**To do**
Word for word, output every line of the material below, minus pictures.

**Data shown**
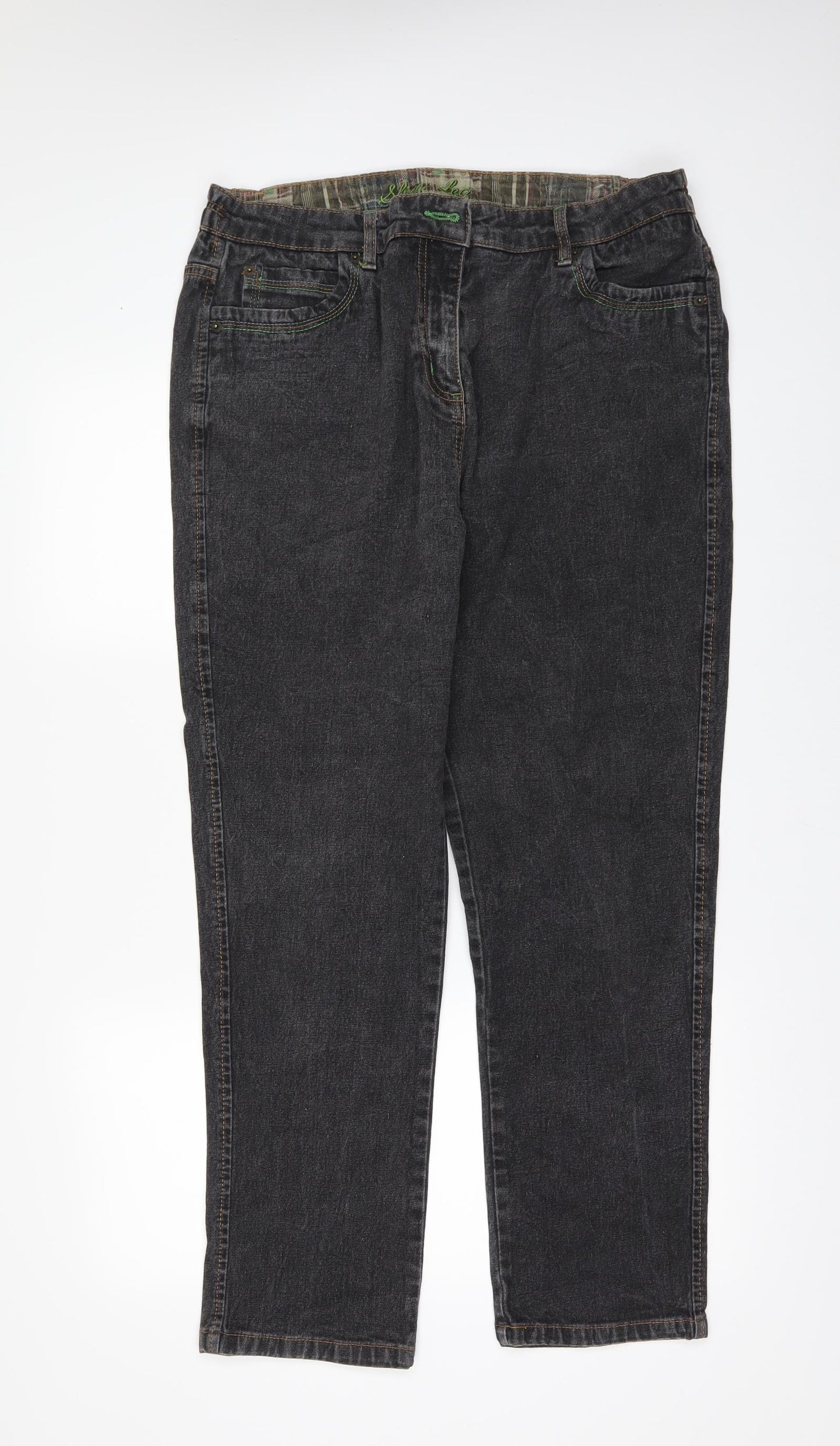 BEING CASUAL Womens Black  Denim Straight Jeans Size 16 L29 in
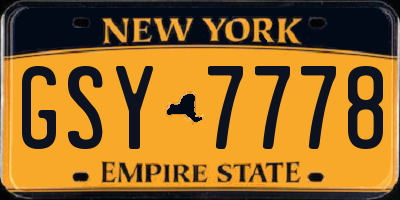 NY license plate GSY7778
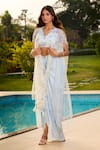 Buy_Aariyana Couture_Blue Modal, Satin Applique V-neck Embroidered Baby Cape Bustier Skirt Set 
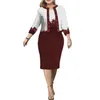 Casual Dresses Formal Cardigan Coat Plus Size Lady Summer Spring Outfit Sheath Knee Length Party Dress Set Female Clothes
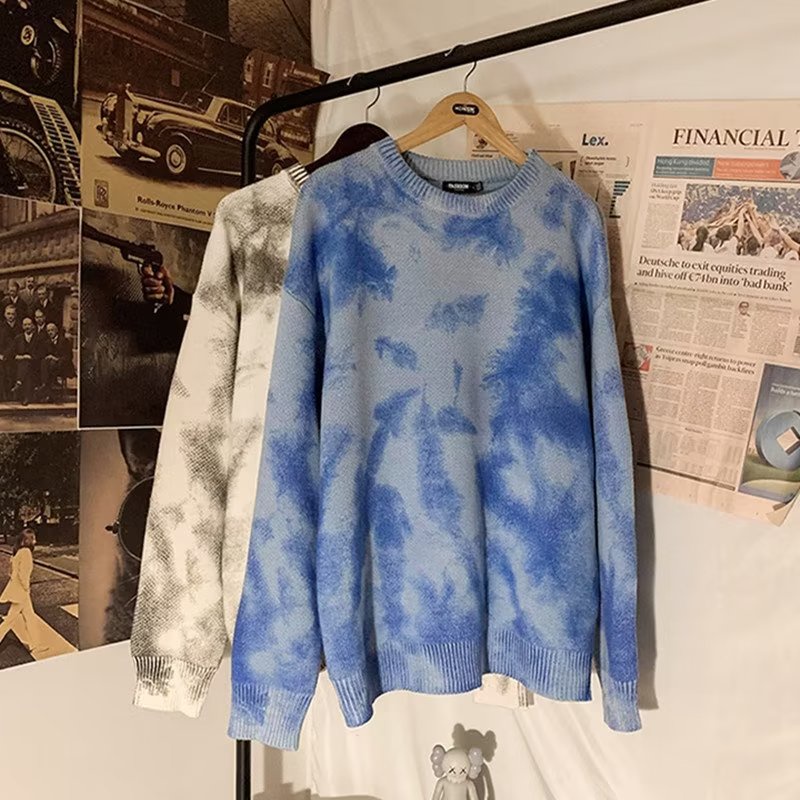 Áo Sweater Dệt Kim Nhuộm Màu Kiểu Hàn Quốc Thời Trang Thu Đông Cho Nam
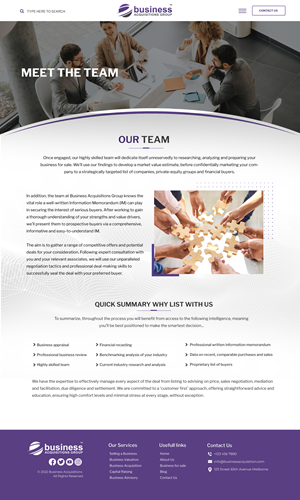 Web Design par Blue Sparrow pour Business Acquisitions Group | Design : #30055661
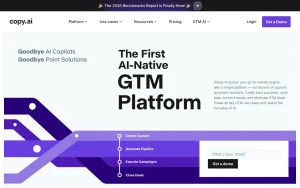 Copy.ai homepage — screenshot of the productivity & writing AI tool, 2026-10-01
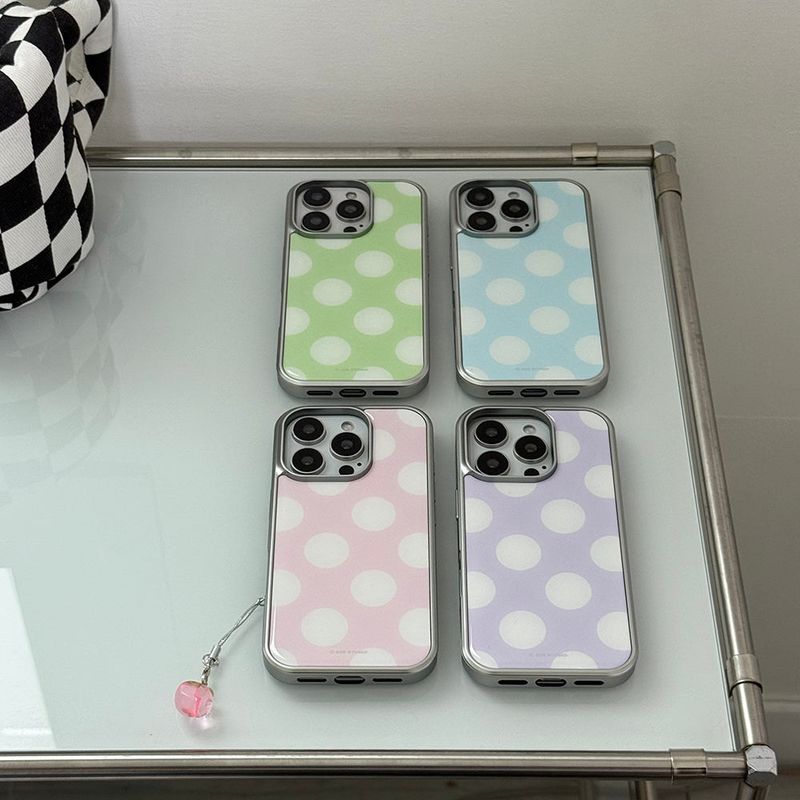 [MADE] silver big dot epoxy bumper case - cloud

**Reply**
 BEING CASUAL Womens Black  Denim Straight Jeans Size 16 L29 in
 NY license plate GSY7778
 Buy_Aariyana Couture_Blue Modal, Satin Applique V-neck Embroidered Baby Cape Bustier Skirt Set 
 Casual Dresses Formal Cardigan Coat Plus Size Lady Summer Spring Outfit Sheath Knee Length Party Dress Set Female Clothes
 Áo Sweater Dệt Kim Nhuộm Màu Kiểu Hàn Quốc Thời Trang Thu Đông Cho Nam
 Web Design par Blue Sparrow pour Business Acquisitions Group | Design : #30055661
 Copy.ai homepage — screenshot of the productivity & writing AI tool, 2026-10-01
 [MADE] silver big dot epoxy bumper case - cloud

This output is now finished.